For the installation of R and RStudio see:
Torfs, P. and Brauer, C. “A (very) short introduction to R”, 3 March 2014.
(http://cran.r-project.org/doc/contrib/Torfs+Brauer-Short-R-Intro.pdf)
RStudio splits the computer screen into four windows:

Editor window
•    This window provides a text editor.
•    Click Run or press CTRL+ENTER to send a line to the consol window where it is executed.
•    You may edit and save the programs that you write in this window.     Workspace/history window
•    The workspace window shows the objects R has in its memory. You can edit their values by clicking on them.
•    The history window provides a protocol of what has been typed.
Consol (command) window
•    Commands are executed in this window.
•    You may write directly into this window using the line editor.     Plots/help/files/packages window
•    R sends plots to this window.
•    You may also use the help function, view files and install packages in this window.

A more detailed introduction to R can be found in:
Venables W.N. and Smith D.M. “An Introduction to R”, 16 April 2015.
(http://cran.r-project.org/doc/manuals/R-intro.pdf)

Data Input
Lines that start with # are comments that are ignored by R. Only copy the command lines without the comments.  R is case sensitive; that is, x and X or gdp and Gdp indicate different objects.

# Start R.
# Input the vectors x and h.

x <- c(4, 3, 2, 7)
h <- c(5, -3, 1, 7, -6, 8, 1, 9, -6, -4, 0, 2)

# The assignment operator <-, which looks like an arrow, assigns
# the value to the right of it to the name on the left. The two
# vectors are now objects in the workspace of R.

# Rearrange the vector h into the 4×3 matrix A.

A <- array(h, dim=c(4,3))

# There are now three objects in the workspace. The following
# command shows the names of those objects.

objects()

# The output is
#    [1] “A” “h” “x”

# Remove the vector h from the workspace.

rm(h)
objects()

# The output is
#     [1] “A” “x”

# Show the two objects.

x; A

# The ouput is

#    [1] 4 3 2 7
#         [,1] [,2] [,3]
#    [1,]    5   -6   -6
#    [2,]   -3    8   -4
#    [3,]    1    1    0
#    [4,]    7    9    2

# Note that matrix A is filled with numbers column by column. The
# elements of a vector are always listed in a row.
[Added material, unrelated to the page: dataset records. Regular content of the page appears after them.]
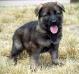 Sable Puppy from Lady von Alpenmac and V Tyson Eqidius born May 23, 2016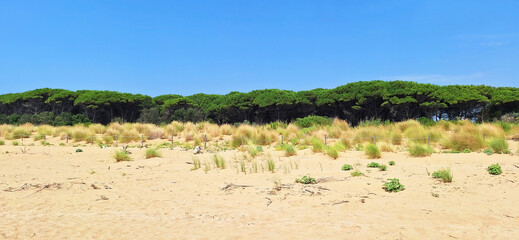 Pine trees near the beach against the background of the blue sea in Bibione. Panorama.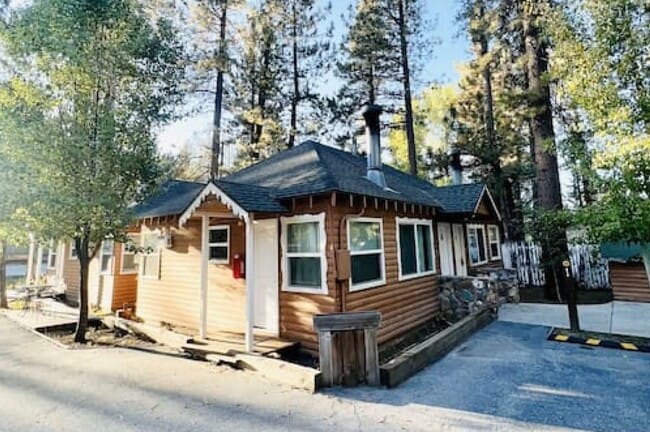 Building Photo - 877 Tulip Ln Unit Timberhaven Lodge 3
# Similarly, input the matrices B, C, D, E, F.

h <- c(3, 5, 5, -7, 4, -9, 8, 4, 0, 1, -7, 9)
B <- array(h, dim=c(3,4))
rm(h)
h <- c(1, 2, 4, -5, -7, 3, 8, 1, -6, 1, 1, 3)
C <- array(h, dim=c(3,4))
rm(h)
h <- c(7, -4, 2, 1, 9, -5, 0, 3, 6, 1, 4, 7, 0, 2, 1, -2)
D <- array(h, dim=c(4,4))
rm(h)
h <- c(3, 2, -1, 4, 5, -2, 7, -9, 6, 4, -2, 8, 0, 1, 9, 3)
E <- array(h, dim=c(4,4))
rm(h)
h <- c(-4, 6, -1, 3, 6, 2, 4, -8, -1, 4, 3, 0, 3, -8, 0, 7)
F <- array(h, dim=c(4,4))
rm(h)

# There are now six matrices and one vector in the workspace.

objects()

# Show all objects.

x; A; B; C; D; E; F

# Exercise 1

# Compute K=AB, L=BA, M=CD, N=DC, P=A(B+C), R=AB+AC. Display the
# results and provide comments where appropriate.
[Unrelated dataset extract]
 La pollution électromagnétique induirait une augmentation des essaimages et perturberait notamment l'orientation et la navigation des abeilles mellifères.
# For example, the R code for K and P is:

K <- A%*%B
K

P <- A%*%(B+C)
P

# Exercise 2

# Compute S=(AB)’-B’A’. The R function t produces the transpose of # a matrix. Comment.

S <- t(A%*%B)-t(B)%*%t(A)
S

# Exercise 3

# Find the determinants of matrices A, D and E. Call the
# determinants a, b, c. Comment where appropriate.

# Hint: One of these determinants does not exist. Also inspect the # columns of matrix E.

# Example:

a <- det(A)
a

# Exercise 4

# Compute the inverses of matrices A, D and E. Call them U, V, W. # Comment where appropriate.

# Hint: See the preceding question.

Example:

U <- solve(A)
U

# Exercise 5

# a) Compute the quadratic form x’Fx.

d <- t(x)%*%F%*%x
d

# The following code also works because R uses vectors in whatever
# way is multiplicatively coherent. Therefore, there is no need to
# transpose x; R does it automatically.

e <- x%*%F%*%x
e

# b) Compute the eigenvalues and eigenvectors of the symmetric
# matrix F.

ev <- eigen(F)
ev

# The eigenvalues are the row vector and the eigenvectors are the # columns of the matrix.

# c) Retrieve the matrix of eigenvectors.

Q <- ev$vec

# Compute J = Q’Q. Comment.

J = t(Q)%*%Q
J

# Hint: See the matrix whose columns are eigenvectors in the
# course handbook.

# d) What is the definiteness of the quadratic form x’Fx and
# matrix F?

# Exercise 6

objects()

# Remove all objects from the workspace.

rm(list=ls(all=TRUE))

# Check whether the workspace is now empty.

objects()

# a) Consider the linear equation system given in Bretscher
# (2009), Exercises 1.2, 17.

#

# Using matrix notations, the equation system is:

# Input the vector b and matrix A and display them. How to do this # is shown at the beginning of this assignment.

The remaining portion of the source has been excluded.